Flussbarsch1 schrieb:


> Hey Stephan. Angelst du nicht auch am Rursee? Ich bin meist in der Büdenbach und den Buchten rechts von Schwammenauel. Ich brauche den trotzdem, weil es felsig ist, und man iwie doch immer Hänger am Rursee kriegt. Glaubt mir Freunde, wenn ich euch sage, dass ich den Verlust eines teuren Wobblers nicht ertragen würde.

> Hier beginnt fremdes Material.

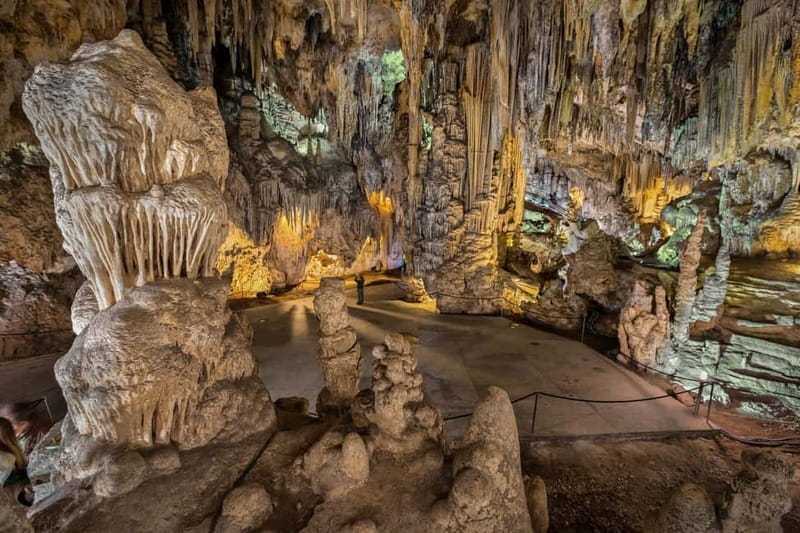 Tour to Nerja's Caves, Nerja city and Frigiliana - Who Will Love This Tour?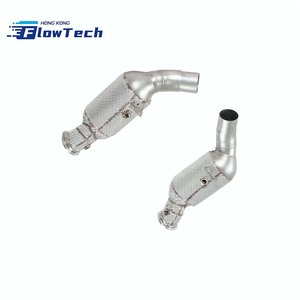 ท่อดาวน์ไปป์สแตนเลส T304 แบบไหลสูง พร้อมแผ่นกันความร้อน สำหรับ Alfa Romeo Giulia Quadrifoglio 2.9T V6 ปี 2016+ - Product Image 1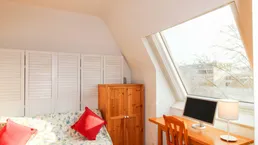 Lichtdurchfluteter Dachgeschoß-Traum: WG geeignete 3-Zimmer-Wohnung in ruhiger Lage des 11. Bezirkes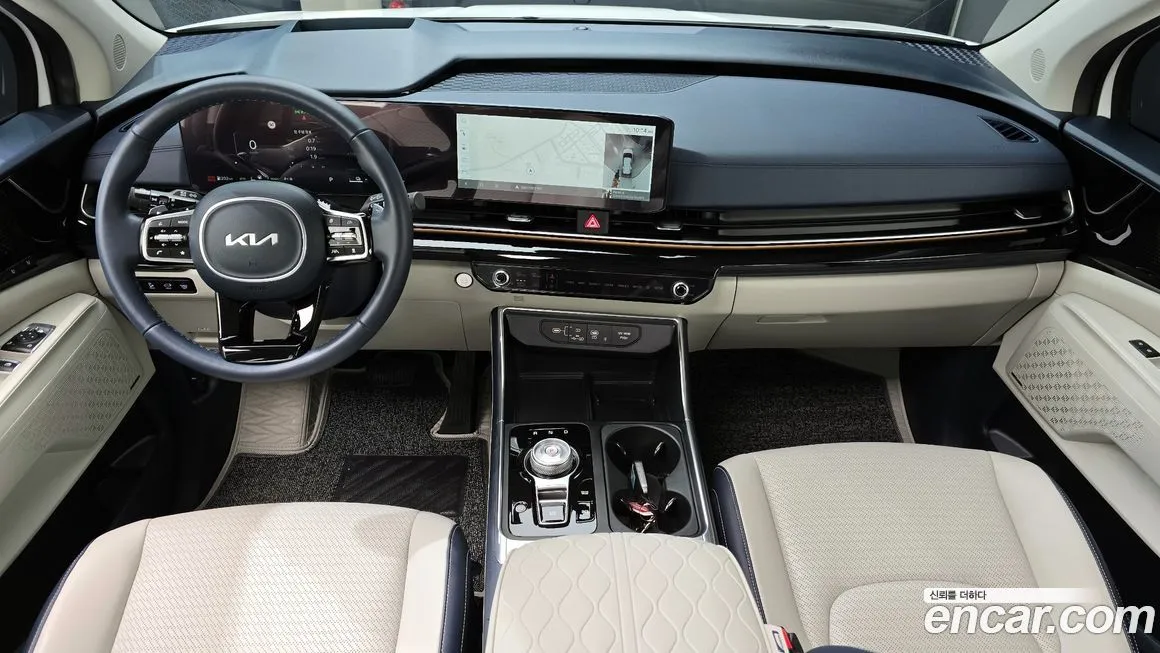 Kia Carnival — фото 10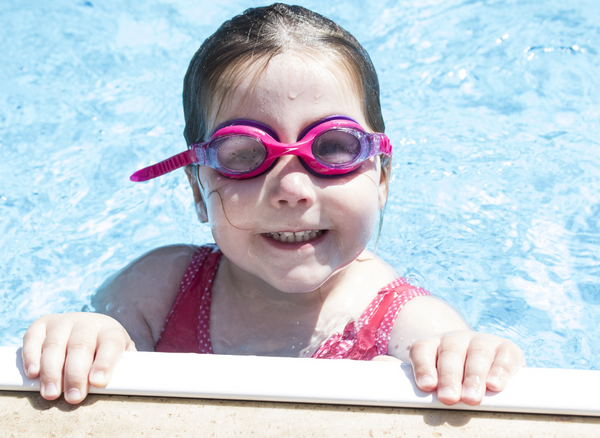 Put Your Little Fish with the Right Toddler Swim Goggles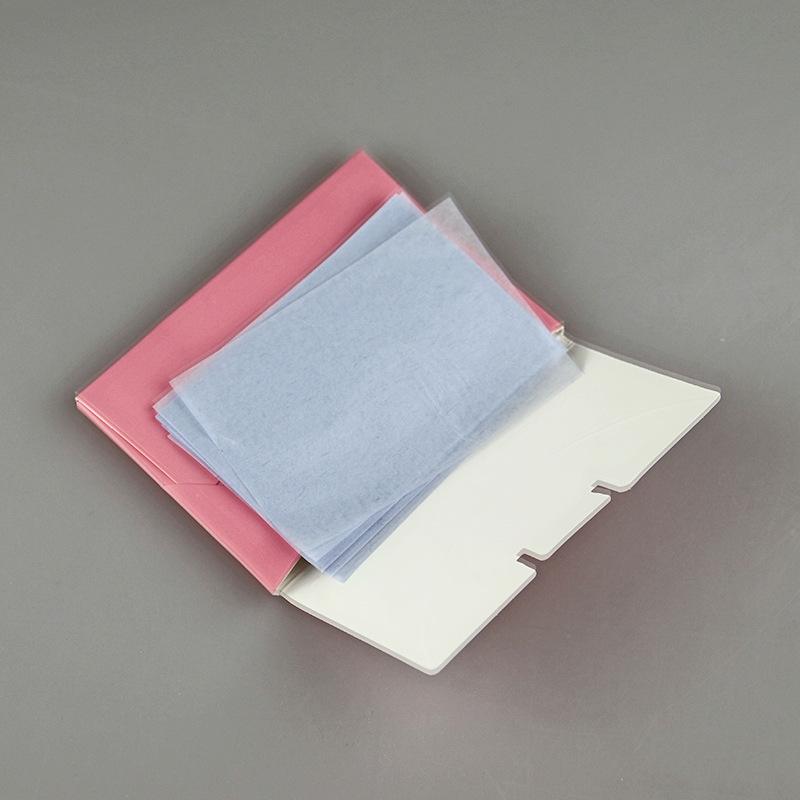 脸上爱出油怎么调理最有效,脸上一直出油怎么控油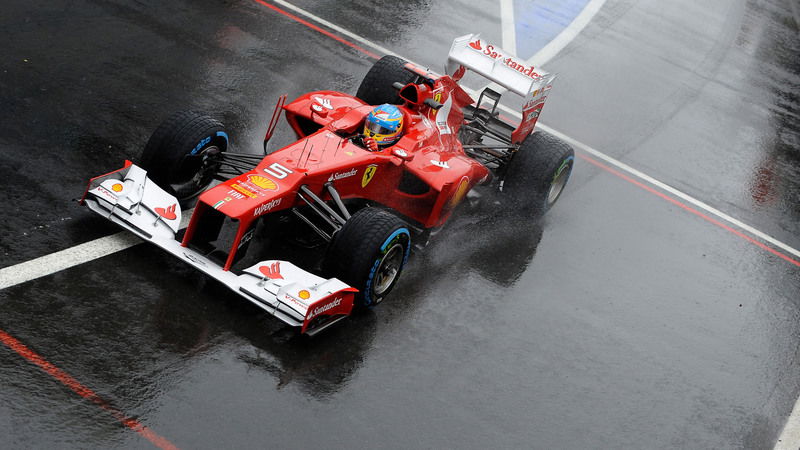 Alonso domina le qualifiche a Silverstone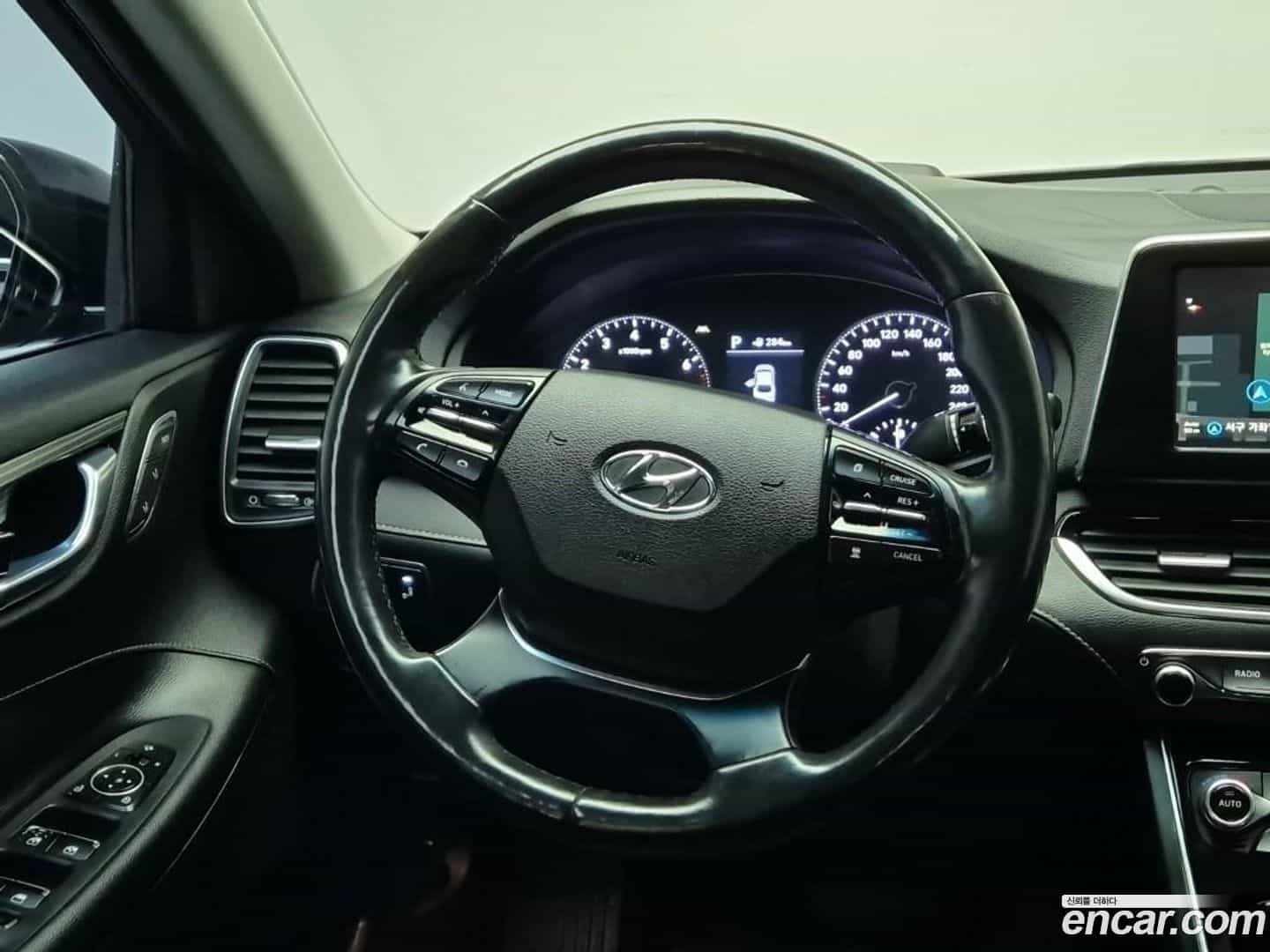 Grandeur Hyundai 2019.0-INNER-009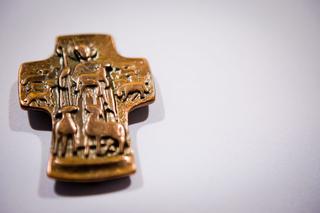 Ksiądz: zarabiam 1500zł miesięcznie, wszystko wydaję w internecie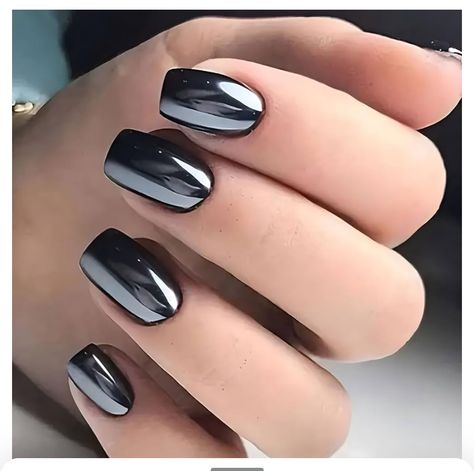 Charcoal Grey Chrome Nails, Black Chrome Gel Nails, Black And Silver Chrome Nails Designs, Black Crome Nails Square, Black Chrome Nails Square, Black Silver Glitter Nails, Oval Nails Chrome, Metallic Nails Black, Black And White Chrome Nails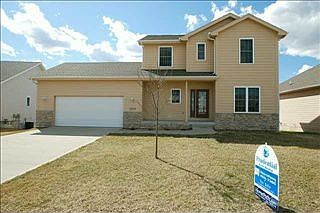 1st image of 2220 SE Leeann Dr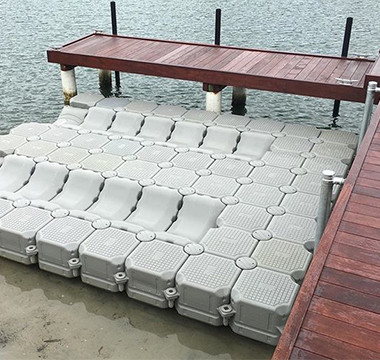 Удаляемый модульный плавучий понтон низкого содержания HDPE пластик и пена EPS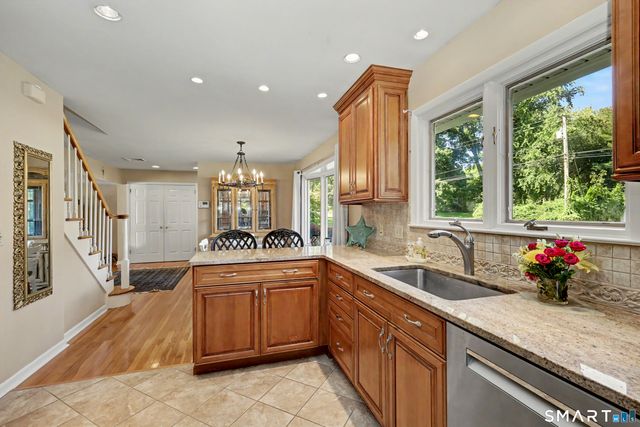 17 Huckleberry Drive South, Norwalk, CT 06850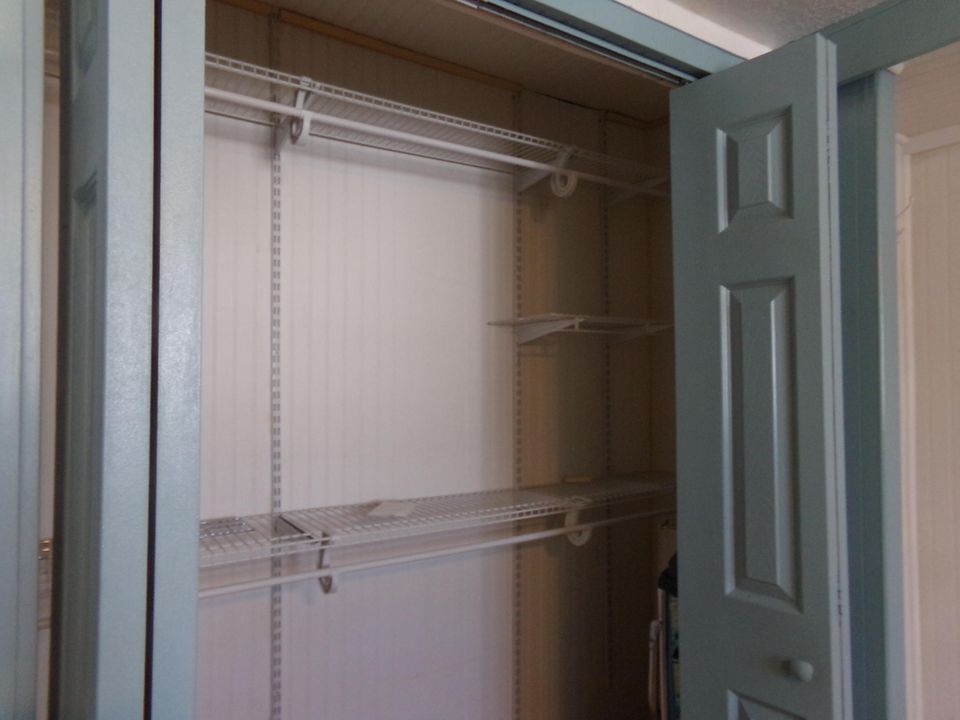 For Sale: $79,000 (1 beds, 1 baths, 797 Square Feet)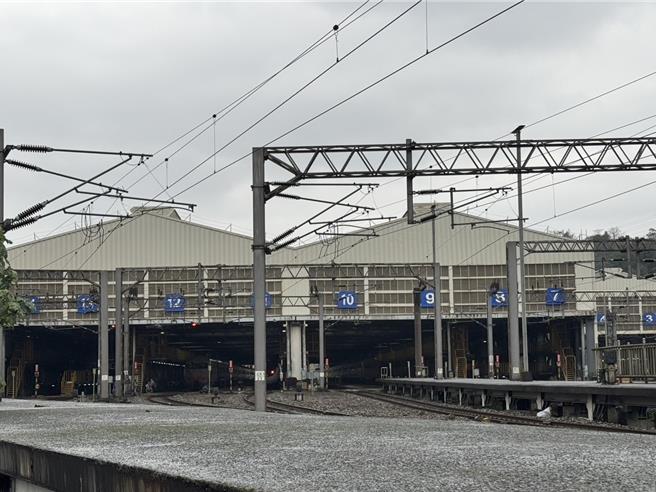 日前台铁七堵调车场发生列车出轨事故，交通部长陈世凯10日至调车场视察春节疏运情形。图为七堵调车场。（徐佑升摄）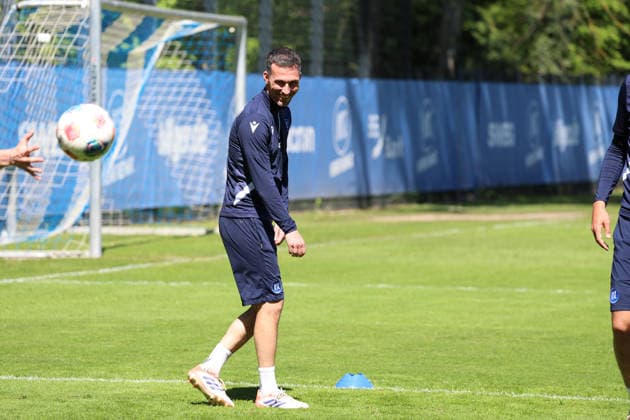23.04.2026, xrekx, Fussball 2.Bundesliga, Karlsruher SC - Training v.l. Christian Eichner Trainer (Karlsruher SC) (DFL DFB REGULATIONS PROHIBIT ANY USE OF PHOTOGRAPHS as IMAGE SEQUENCES and or QUASI-VIDEO) Karlsruhe
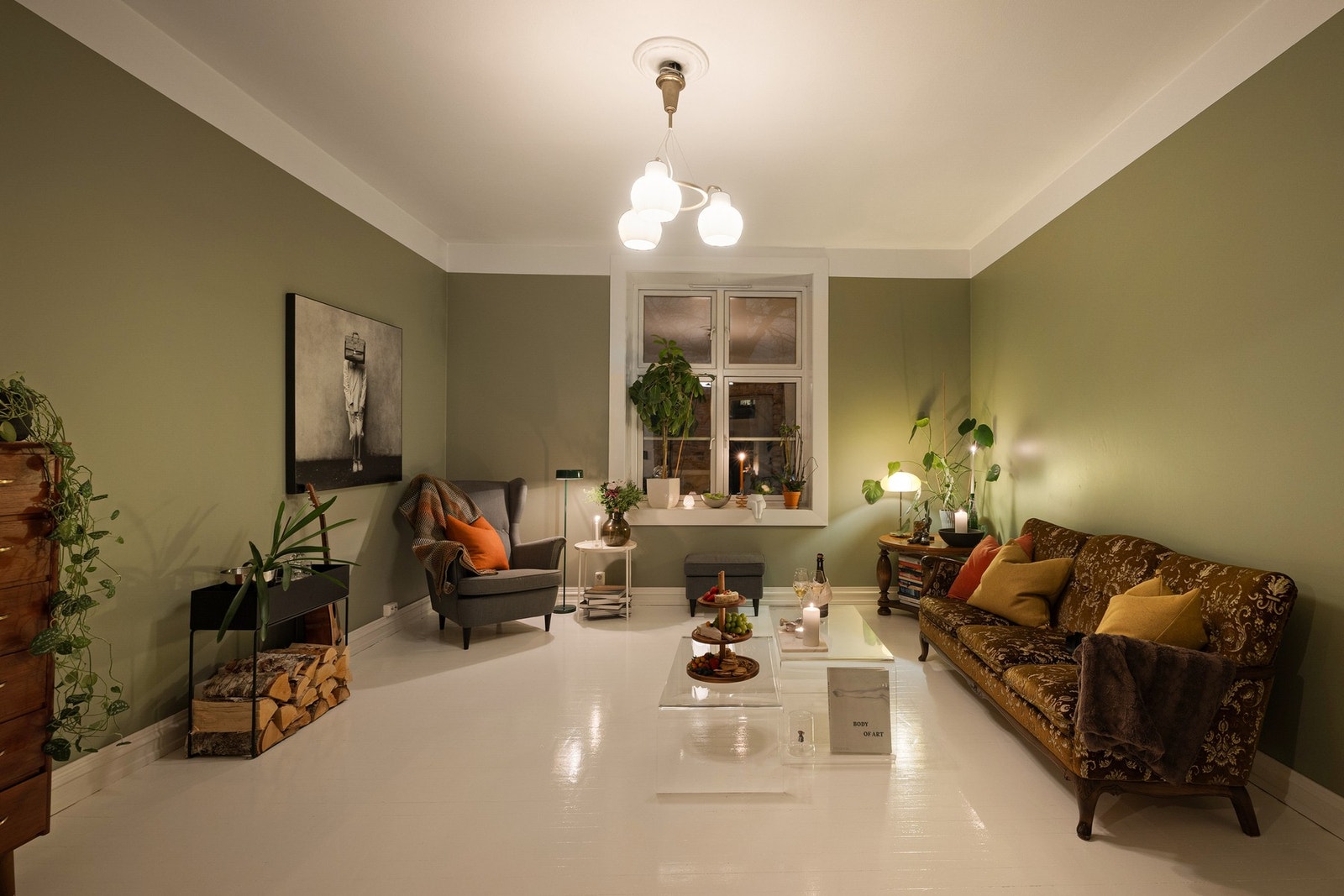 Kveldsbilder fra stuen. Galleribilde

wenn er mit den haken irgendwo hängt könnte es klappen. wenn der köder sich eingeklemmt hat wirst du ihn sofort abreißen. der retter rutscht dann runter bis zum hänger, kann den köder aber nicht greifen, dafür aber das vorfach. aber da du mit aller gewalt ziehst, weil du denkst, dass der retter den köder gegriffen hat, wird das vorfach reißen - das wars. flitschen hat dann mehr sinn. also schnur in die hand nehmen, spannung durch ziehen aufbauen und dann zurückschnellen lassen. großteil der hänger läst sich dann.


----------



## hechtomat77 (17. Mai 2012)

*AW: Resqlure*



Flussbarsch1 schrieb:


> Hey Stephan. Angelst du nicht auch am Rursee? Ich bin meist in der Büdenbach und den Buchten rechts von Schwammenauel. Ich brauche den trotzdem, weil es felsig ist, und man iwie doch immer Hänger am Rursee kriegt. Glaubt mir Freunde, wenn ich euch sage, dass ich den Verlust eines teuren Wobblers nicht ertragen würde.


 
Ne ich angel nicht am Rursee aber dafür im Rhein und am Schluchsee. Beides absolut hängerträchtige Gewässer!
Wie gesagt, in den Steinen verlierst du höchst selten einen Wobbler, da meist nur die Tauschaufel hängen bleibt. Wenn man dann aufhört zu kurbeln und bisschen Schnur gibt, dann bekomm man den Wobbler so gut wie immer frei!
Meiner Meinung nach sind die 40 Teuronen rausgeschmissenes Geld! Zumal du ja eh vom Ufer aus fischen tust und du deshalb das Teil gar nicht vernüftig einsetzen kannst!
Muss aber natürlich jeder selbst entscheiden....

Gruss

Stephan


----------



## Nobbi 78 (17. Mai 2012)

*AW: Resqlure*

Ich denke auch das der Resqlure vom Ufer aus genau so unbrauchbar ist wie jeder andere Köderretter auch. Die Teile machen wirklich nur vom Boot aus Sinn oder der Hänger ist nah am Ufer!


----------



## Flussbarsch1 (17. Mai 2012)

*AW: Resqlure*

Ich angel ja na am Ufer, und mann muss halt einen Steilen Winkel zum Köder Herstellen.


----------



## hechtomat77 (17. Mai 2012)

*AW: Resqlure*

Wie stellst das dann an wenn der Köder 20 Meter vom Ufer entfernt hängt?
Kletterst du auf einen Baum oder wie?:q


----------



## Nobbi 78 (17. Mai 2012)

*AW: Resqlure*



Flussbarsch1 schrieb:


> Ich angel ja na am Ufer, und mann muss halt einen Steilen Winkel zum Köder Herstellen.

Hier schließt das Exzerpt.